**WORK REQUEST:** Restate verbatim the span of lines below between the line with "Shoes A2HEM" and the line with "ibetin app download", including those two lines, and only that span.

**AVAILABLE RECORDS:**
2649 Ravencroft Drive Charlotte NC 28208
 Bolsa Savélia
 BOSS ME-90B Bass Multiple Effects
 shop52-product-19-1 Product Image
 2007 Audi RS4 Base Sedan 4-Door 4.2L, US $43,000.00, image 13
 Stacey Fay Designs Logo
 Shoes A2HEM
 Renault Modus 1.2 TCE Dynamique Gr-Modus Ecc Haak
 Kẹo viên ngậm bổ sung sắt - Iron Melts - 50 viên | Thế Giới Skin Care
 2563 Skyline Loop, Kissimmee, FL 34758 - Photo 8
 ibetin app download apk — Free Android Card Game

--

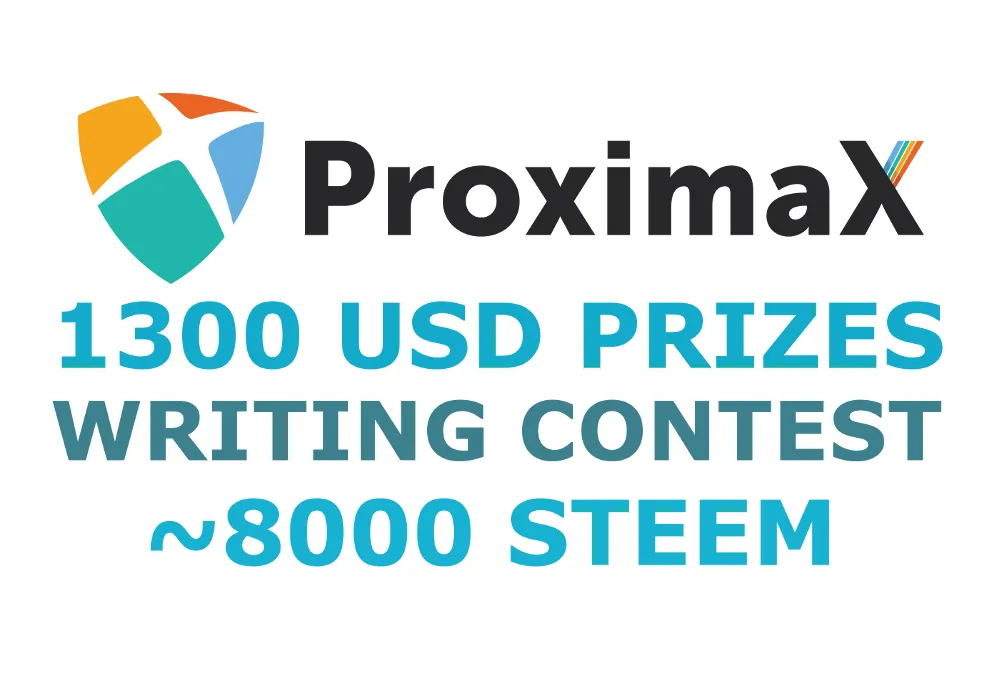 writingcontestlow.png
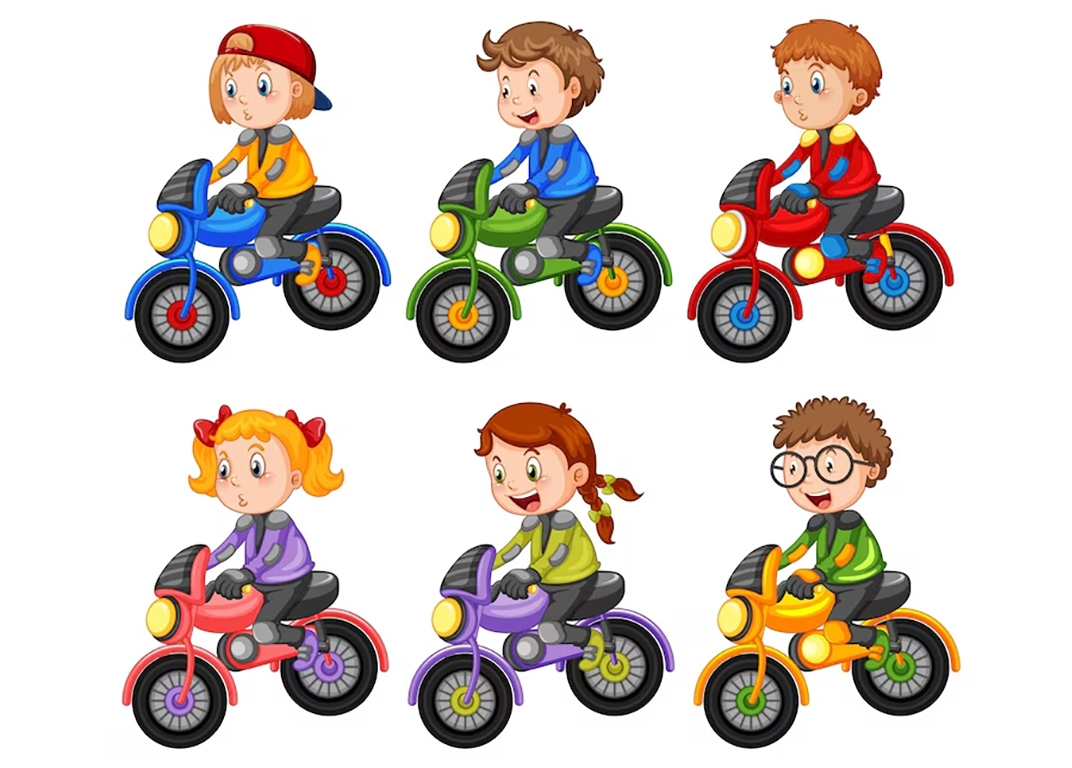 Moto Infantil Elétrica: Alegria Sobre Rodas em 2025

--

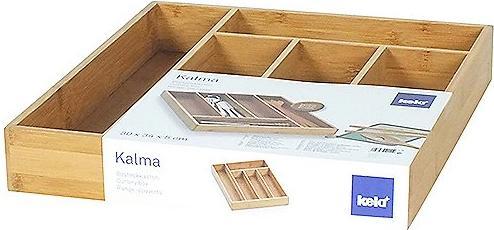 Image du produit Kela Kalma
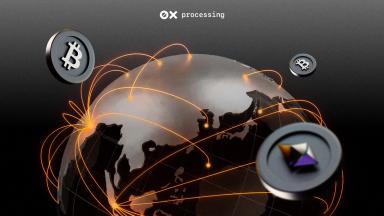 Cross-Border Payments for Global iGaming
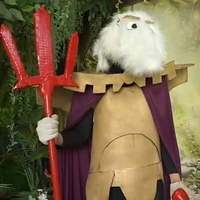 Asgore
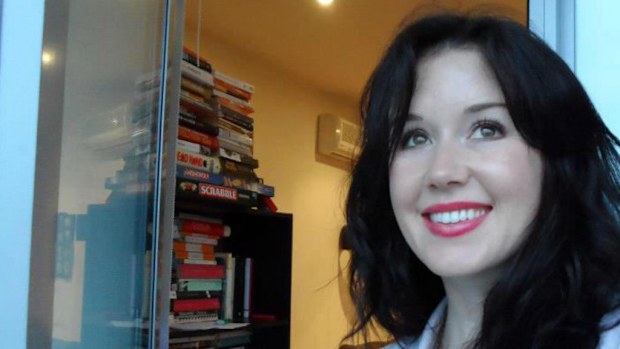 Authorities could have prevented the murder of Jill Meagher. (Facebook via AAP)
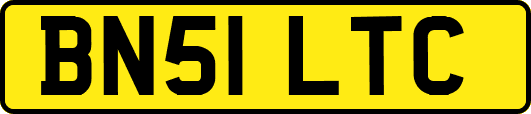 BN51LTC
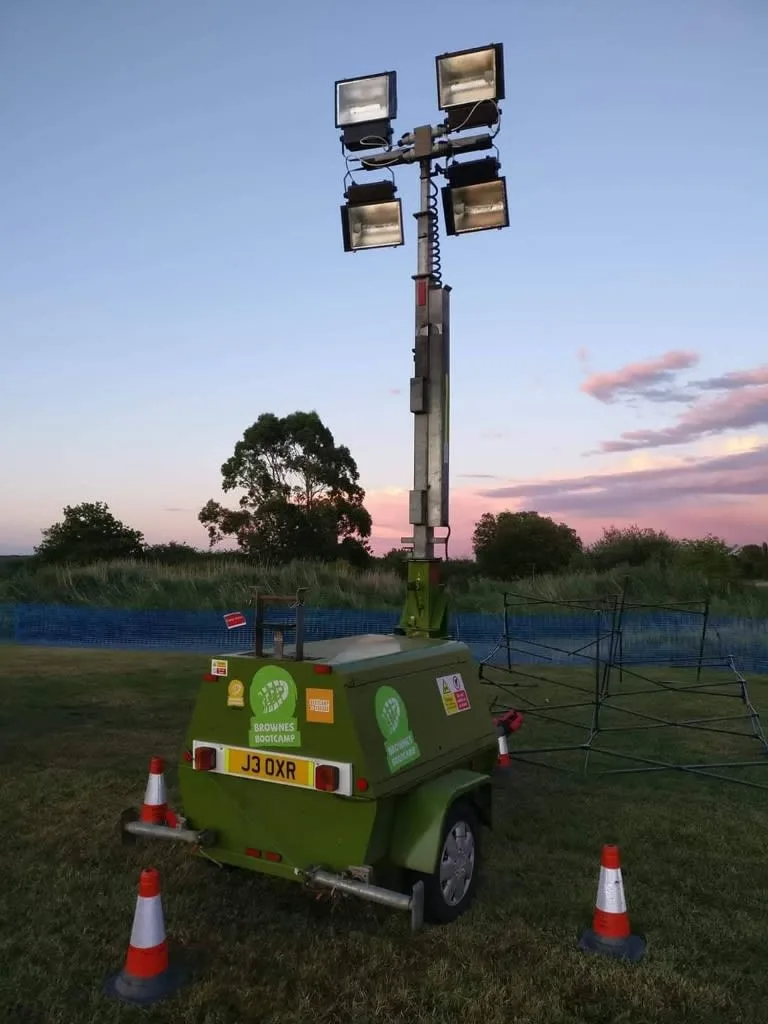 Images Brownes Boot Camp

**ANSWER TO THE EXERCISE:**
 Shoes A2HEM
 Renault Modus 1.2 TCE Dynamique Gr-Modus Ecc Haak
 Kẹo viên ngậm bổ sung sắt - Iron Melts - 50 viên | Thế Giới Skin Care
 2563 Skyline Loop, Kissimmee, FL 34758 - Photo 8
 ibetin app download apk — Free Android Card Game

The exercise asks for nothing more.